Tag Archive: Quants

QuantLib

I’ve been looking for various tools for Quantitative Analysis in finance. I stumbled upon QuantLib.

It’s an Open Source tool written in C++, but it is written with an open object model such that it is has been ported to work with several other languages.

If you are interested, you can download QuantLib and play with some of their examples.

Blaming Game: Quants or Leverage?

Post-August 2007, everyone seems to be saying that the age of quants and quant-based hedge funds are over and other such dire doomsday predictions. Even the bigwigs lost a good bit of money and people are probably more than a little wary of quant-based hedge funds at the moment.

But here is the question — was it really quantitative trading that did them in or was it the fact that they were leveraged beyond redemption?

Sure, part of the quantitative strategy involved some rather convoluted leveraging, but I think that the important thing to keep in mind is that a lot of the ones that failed were ones that were heavily-leveraged. Similarly, there were a lot of quant-based hedge funds that were not as heavily leveraged that did rather well.
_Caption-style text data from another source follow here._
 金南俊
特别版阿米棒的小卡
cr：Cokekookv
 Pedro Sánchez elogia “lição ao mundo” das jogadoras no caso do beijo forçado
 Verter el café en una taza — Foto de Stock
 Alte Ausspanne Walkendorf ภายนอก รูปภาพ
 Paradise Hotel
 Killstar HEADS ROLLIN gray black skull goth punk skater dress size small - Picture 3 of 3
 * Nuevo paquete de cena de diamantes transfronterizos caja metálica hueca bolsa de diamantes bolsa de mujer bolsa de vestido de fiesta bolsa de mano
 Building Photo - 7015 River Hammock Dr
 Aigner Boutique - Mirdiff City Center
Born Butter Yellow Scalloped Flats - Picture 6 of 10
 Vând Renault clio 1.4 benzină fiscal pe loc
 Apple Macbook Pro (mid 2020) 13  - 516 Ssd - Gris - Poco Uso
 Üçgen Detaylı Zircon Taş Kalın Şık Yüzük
While it may take a while for the landscape to clear out and settle, it is worth considering that quant-based hedge funds may not necessarily be a bad thing. But leveraging, as we’ve seen, can even bring down the greats.

Thoughts?

The Quant Meltdown

The MIT Technology review has an interesting two part write-up on the quant meltdown from this August.

Extremely interesting and a must-read.

Too Many Black Swans

Taleb defines a Black Swan as something that is an extremely rare event. When 9/11 happened, that was a Black Swan — a ten sigma or worse. When LTCM collapsed and the feds had to engineer a bailout, that was a Black Swan.

Now, the way quant hedge funds have operated is that when things went wrong for one firm, the odds were that its effected would be diluted by better performance from others. Usually, the odds of a lot of firms being affected by the same problem are rather low and consequently, their effects on the economy would be limited as well.

HFN asks an interesting question in this regard — what are the chances of several hedge funds blowing up in this regard?

Fooled by Progressive Betting

Is it me or does it seem like there is something to be said about Taleb’s rants against the traditional practices of Wall Street traders and progressive betting in Blackjack?

The fact that progressions cannot overcome expectation is also rather interesting, given the way some institutions work.

Fat Tails & Skinny Returns

While normal distributions are nice and wonderful, they aren’t really feasible in the world of finance. This is because the market can be so volatile and fickle that variances become meaningless.

So, enter fat-tailed distributions. These are distributions where events deviate significantly from the mean in comparison to normal distributions. What this means in terms of the stock market is that assets and investments are prone to jumps (in either directions).

Fat tailed distributions

On this topic, Paul Kedrosky links to an interesting presentation on Fat Tailed distributions by Northfield, the guys that make analytical and investment software.

It’s quite interesting and talks about some work that’s being done in this area.

On a related note, another area of application for Fat tailed distributions is the CRM arena. Contact-centers and self-service applications (i.e. IVRs) receive millions of calls a day, and there is just as much variation in C-sats, agent performance, AHT and so on.

It would be interesting to apply some of these tools and techniques to call-center analytics and see how well those work.